Dans une démarche coopérative entreprise par les autorités algériennes; le gouverneur de la banque d’Algérie Aymen Abderrahmane s’est entretenu, le 16 juin passé; avec l’ambassadeur du Royaume-Uni, Barry Lowen, dans l’ambition de développer le marché de la finance islamique en Algérie. Ce tête-à-tête a conduit les deux partisans à aborder les stratégies financières des banques islamiques; a rapporté le média arabophone El Khabar

En effet, l’actuelle crise sanitaire n’a pas empêché l’Etat algérien à quêter des alternatives de rebondissement dans le secteur économique; plus précisément dans les stratégies de financement du marché islamique. Une approche accréditée par le gouverneur de la banque d’Algérie; qui a autorisé la vente et l’attribution de produits islamiques dans les banques nationales ; explicite la même source. 

En outre, le Premier ministre Abdelaziz Djerad a révélé que l’un des meilleurs stratagèmes de recouvrement des fonds d’investissements, circulant au marché noir; demeure l’application de la politique des banques islamiques. D’après une déclaration du chef d’Etat, Abdelmadjid Tebboun : « La récolte de fonds au marché noir témoigne d’un quota doublé; ce dernier a atteint entre 6.000 et 10.000 milliards.» Une collecte prometteuse qui pourrait freiner l’effet de heisenberg économique dont l’Algérie est confrontée depuis des années, et qui est accru par la pandémie ; a stipulé la même source. 

Financement islamique : A quelle intensité de fiabilité s’identifie le protocole des banques islamique ?

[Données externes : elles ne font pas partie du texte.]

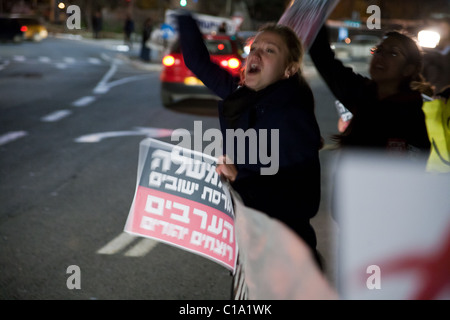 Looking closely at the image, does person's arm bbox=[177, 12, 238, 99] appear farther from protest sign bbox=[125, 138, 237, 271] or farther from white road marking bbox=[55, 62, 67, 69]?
white road marking bbox=[55, 62, 67, 69]

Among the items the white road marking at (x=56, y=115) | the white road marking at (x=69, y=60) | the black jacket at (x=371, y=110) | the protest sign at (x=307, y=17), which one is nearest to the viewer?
the protest sign at (x=307, y=17)

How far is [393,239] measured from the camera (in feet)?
6.11

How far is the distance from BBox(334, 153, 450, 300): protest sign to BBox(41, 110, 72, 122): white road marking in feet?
30.4

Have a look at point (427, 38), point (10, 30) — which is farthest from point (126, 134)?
point (10, 30)

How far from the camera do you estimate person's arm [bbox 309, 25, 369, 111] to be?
118 inches

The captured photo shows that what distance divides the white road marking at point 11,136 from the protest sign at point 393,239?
7.42 metres

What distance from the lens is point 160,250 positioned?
472 centimetres

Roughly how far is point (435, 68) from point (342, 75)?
791 centimetres

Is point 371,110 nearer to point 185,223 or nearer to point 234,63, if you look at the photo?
point 185,223

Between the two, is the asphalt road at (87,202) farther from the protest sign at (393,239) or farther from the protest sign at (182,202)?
the protest sign at (393,239)

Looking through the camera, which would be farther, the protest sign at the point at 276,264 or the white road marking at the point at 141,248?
the white road marking at the point at 141,248

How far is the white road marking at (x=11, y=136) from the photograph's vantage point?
28.2 feet

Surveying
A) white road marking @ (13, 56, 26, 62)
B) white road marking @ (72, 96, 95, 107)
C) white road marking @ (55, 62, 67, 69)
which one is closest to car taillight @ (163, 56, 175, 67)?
white road marking @ (72, 96, 95, 107)

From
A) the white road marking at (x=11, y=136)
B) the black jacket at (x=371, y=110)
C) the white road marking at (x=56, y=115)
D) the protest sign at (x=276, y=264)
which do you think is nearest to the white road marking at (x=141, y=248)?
the black jacket at (x=371, y=110) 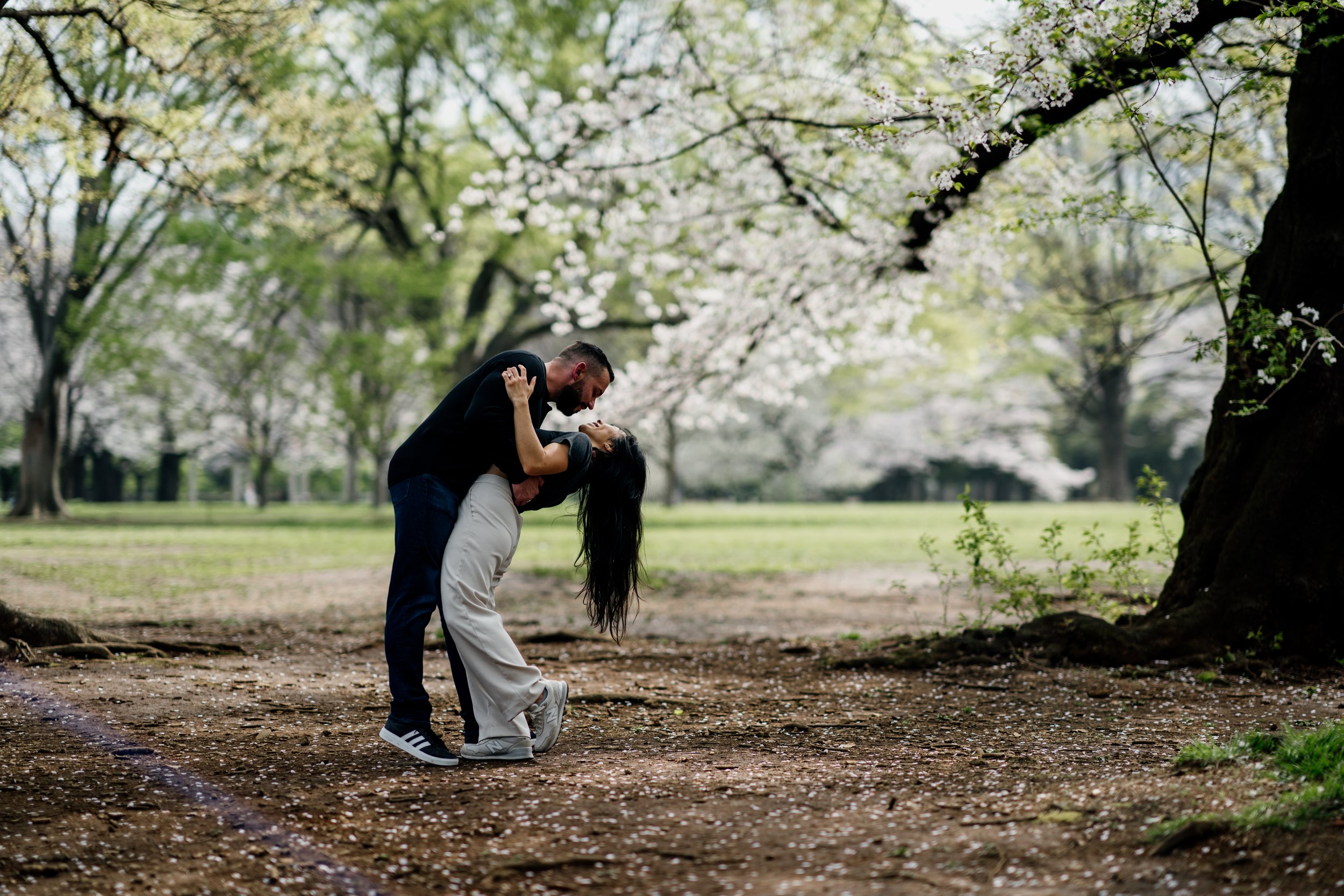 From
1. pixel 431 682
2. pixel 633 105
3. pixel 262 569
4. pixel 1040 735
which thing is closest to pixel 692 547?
pixel 262 569

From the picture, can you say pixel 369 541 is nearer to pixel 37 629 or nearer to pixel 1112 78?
pixel 37 629

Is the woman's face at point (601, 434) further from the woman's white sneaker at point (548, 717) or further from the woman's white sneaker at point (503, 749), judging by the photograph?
the woman's white sneaker at point (503, 749)

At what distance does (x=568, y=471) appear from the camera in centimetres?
430

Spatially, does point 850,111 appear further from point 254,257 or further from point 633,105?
point 254,257

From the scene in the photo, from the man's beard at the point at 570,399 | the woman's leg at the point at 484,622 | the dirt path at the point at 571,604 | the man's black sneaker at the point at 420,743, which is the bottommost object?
the dirt path at the point at 571,604

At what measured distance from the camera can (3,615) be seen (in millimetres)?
6574

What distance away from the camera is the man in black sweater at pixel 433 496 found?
13.6ft

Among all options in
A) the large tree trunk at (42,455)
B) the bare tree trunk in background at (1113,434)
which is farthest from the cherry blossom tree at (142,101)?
the bare tree trunk in background at (1113,434)

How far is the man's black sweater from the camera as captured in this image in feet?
13.6

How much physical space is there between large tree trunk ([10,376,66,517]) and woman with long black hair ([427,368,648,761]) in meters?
24.4

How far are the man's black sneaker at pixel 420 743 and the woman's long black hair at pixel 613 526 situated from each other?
3.06 ft

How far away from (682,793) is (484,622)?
108cm

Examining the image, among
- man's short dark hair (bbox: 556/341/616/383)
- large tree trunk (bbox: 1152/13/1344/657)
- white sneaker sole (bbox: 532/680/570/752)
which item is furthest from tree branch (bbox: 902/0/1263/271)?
white sneaker sole (bbox: 532/680/570/752)

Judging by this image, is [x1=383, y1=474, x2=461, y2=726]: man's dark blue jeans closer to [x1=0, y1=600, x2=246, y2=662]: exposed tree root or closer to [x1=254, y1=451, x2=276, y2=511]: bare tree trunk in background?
[x1=0, y1=600, x2=246, y2=662]: exposed tree root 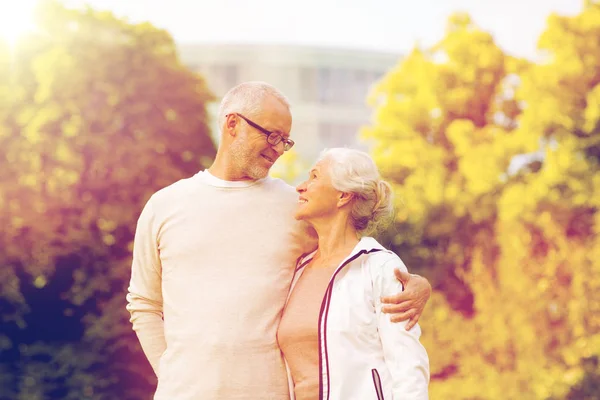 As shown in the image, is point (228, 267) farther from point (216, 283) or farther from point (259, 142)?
point (259, 142)

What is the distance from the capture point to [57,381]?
56.3ft

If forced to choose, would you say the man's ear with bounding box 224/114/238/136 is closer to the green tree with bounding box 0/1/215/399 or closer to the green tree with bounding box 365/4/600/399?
the green tree with bounding box 365/4/600/399

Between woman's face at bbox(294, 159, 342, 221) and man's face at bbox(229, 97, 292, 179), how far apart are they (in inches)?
9.2

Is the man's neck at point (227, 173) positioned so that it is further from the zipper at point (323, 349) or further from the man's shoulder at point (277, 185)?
the zipper at point (323, 349)

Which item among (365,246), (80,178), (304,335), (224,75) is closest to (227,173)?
(365,246)

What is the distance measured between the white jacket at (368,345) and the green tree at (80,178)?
13815 millimetres

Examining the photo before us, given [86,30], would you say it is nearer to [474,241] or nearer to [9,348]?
[9,348]

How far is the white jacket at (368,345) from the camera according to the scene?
3.88m

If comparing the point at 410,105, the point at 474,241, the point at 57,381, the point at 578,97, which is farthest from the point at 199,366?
the point at 410,105

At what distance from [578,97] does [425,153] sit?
4.24 metres

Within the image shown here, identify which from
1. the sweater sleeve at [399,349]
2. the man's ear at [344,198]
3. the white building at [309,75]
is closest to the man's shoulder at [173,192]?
the man's ear at [344,198]

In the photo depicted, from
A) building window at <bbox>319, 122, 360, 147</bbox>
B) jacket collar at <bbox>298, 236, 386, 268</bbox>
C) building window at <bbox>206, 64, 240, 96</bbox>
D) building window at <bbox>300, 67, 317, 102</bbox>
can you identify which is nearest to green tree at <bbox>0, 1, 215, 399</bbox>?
jacket collar at <bbox>298, 236, 386, 268</bbox>

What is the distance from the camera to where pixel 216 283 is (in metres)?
4.30

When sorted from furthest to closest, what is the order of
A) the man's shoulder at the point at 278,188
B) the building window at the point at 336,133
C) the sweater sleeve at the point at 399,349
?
1. the building window at the point at 336,133
2. the man's shoulder at the point at 278,188
3. the sweater sleeve at the point at 399,349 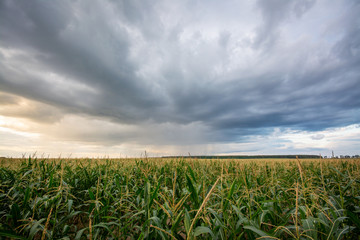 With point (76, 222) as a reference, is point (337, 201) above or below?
above

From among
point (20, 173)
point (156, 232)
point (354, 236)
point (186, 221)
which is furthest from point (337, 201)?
point (20, 173)

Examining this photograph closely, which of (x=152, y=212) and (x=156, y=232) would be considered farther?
(x=152, y=212)

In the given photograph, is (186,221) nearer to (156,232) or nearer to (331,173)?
(156,232)

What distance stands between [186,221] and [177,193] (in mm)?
3095

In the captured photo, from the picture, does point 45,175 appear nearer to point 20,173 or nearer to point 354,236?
point 20,173

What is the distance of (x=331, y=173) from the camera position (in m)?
8.16

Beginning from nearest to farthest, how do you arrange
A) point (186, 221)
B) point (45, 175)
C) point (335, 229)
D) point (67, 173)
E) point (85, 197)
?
point (186, 221), point (335, 229), point (85, 197), point (45, 175), point (67, 173)

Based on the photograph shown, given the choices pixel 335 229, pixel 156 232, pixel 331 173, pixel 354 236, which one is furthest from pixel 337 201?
pixel 331 173

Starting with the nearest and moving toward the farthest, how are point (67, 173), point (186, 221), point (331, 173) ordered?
point (186, 221), point (67, 173), point (331, 173)

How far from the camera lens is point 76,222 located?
4.50 metres

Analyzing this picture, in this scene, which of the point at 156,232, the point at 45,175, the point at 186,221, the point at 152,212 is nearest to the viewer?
the point at 186,221

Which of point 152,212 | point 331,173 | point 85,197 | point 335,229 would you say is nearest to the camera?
point 335,229

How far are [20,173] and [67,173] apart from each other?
5.14 feet

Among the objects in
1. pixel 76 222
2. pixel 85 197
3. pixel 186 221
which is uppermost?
pixel 186 221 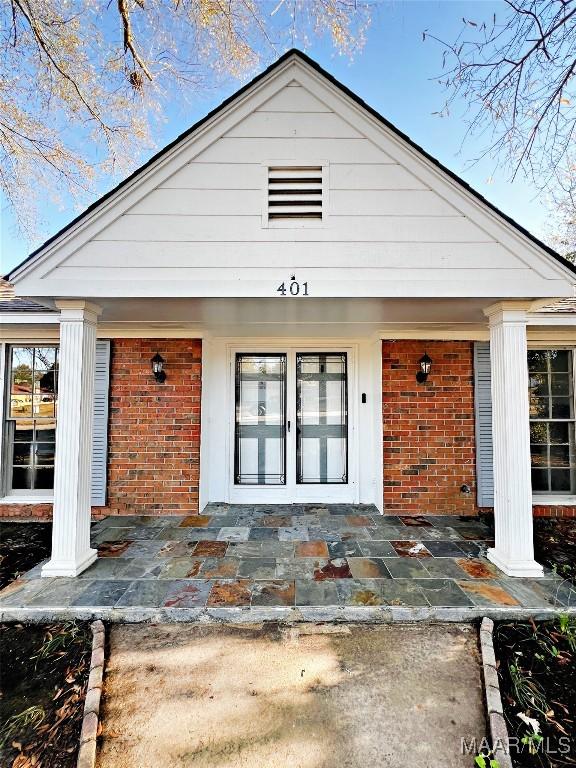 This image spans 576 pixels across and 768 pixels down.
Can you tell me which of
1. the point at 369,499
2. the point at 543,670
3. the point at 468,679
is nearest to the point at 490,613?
the point at 543,670

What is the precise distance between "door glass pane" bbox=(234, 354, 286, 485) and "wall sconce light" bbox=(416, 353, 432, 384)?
2.01 meters

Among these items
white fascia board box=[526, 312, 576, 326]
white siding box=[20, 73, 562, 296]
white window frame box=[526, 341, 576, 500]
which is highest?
white siding box=[20, 73, 562, 296]

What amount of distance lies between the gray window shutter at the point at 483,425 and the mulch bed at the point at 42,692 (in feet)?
16.5

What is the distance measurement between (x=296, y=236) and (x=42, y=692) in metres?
3.98

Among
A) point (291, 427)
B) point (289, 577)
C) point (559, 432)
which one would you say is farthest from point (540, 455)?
point (289, 577)

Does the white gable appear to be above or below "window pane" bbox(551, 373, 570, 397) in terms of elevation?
above

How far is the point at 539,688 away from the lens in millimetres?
2453

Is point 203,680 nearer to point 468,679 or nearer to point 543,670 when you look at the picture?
point 468,679

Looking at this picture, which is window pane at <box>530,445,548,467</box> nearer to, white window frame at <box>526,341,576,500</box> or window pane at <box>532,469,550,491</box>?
window pane at <box>532,469,550,491</box>

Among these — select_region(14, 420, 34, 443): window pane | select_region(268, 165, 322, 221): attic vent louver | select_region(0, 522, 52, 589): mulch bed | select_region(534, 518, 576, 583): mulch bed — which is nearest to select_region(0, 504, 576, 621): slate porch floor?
select_region(0, 522, 52, 589): mulch bed

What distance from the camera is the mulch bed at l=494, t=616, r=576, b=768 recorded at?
2068mm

En effet, les experts économiques ont garanti que l’expérience britannique; est l’une des plus authentiques à l’échelle mondiale dans le secteur de financement islamique, dont l’Algérie pourra se référer. Avec plus de vingt banques islamiques, étendue sur l’ensemble du territoire britannique; le pays a pu enregistrer des actifs islamiques dépassant les 700 millions de dollars ; a communiqué le média El Khabar.

Dans le même sillage, les spécialistes et les conseillers du domaine ont suggéré aux banques nationales d’adopter la politique de fonctionnement des banques islamiques, à partir du second semestre de l’année courante. Il est à noter que la demande de basculement de ce système de financement; a été déposé au niveau de la banque centrale. Une requête qui fut vite transférée au haut comité de finance islamique, en charge de procuration des certificats de concordance aux banques ; leur permettant ainsi d’entamer la commercialisation des produits islamiques ; a souligné la même source.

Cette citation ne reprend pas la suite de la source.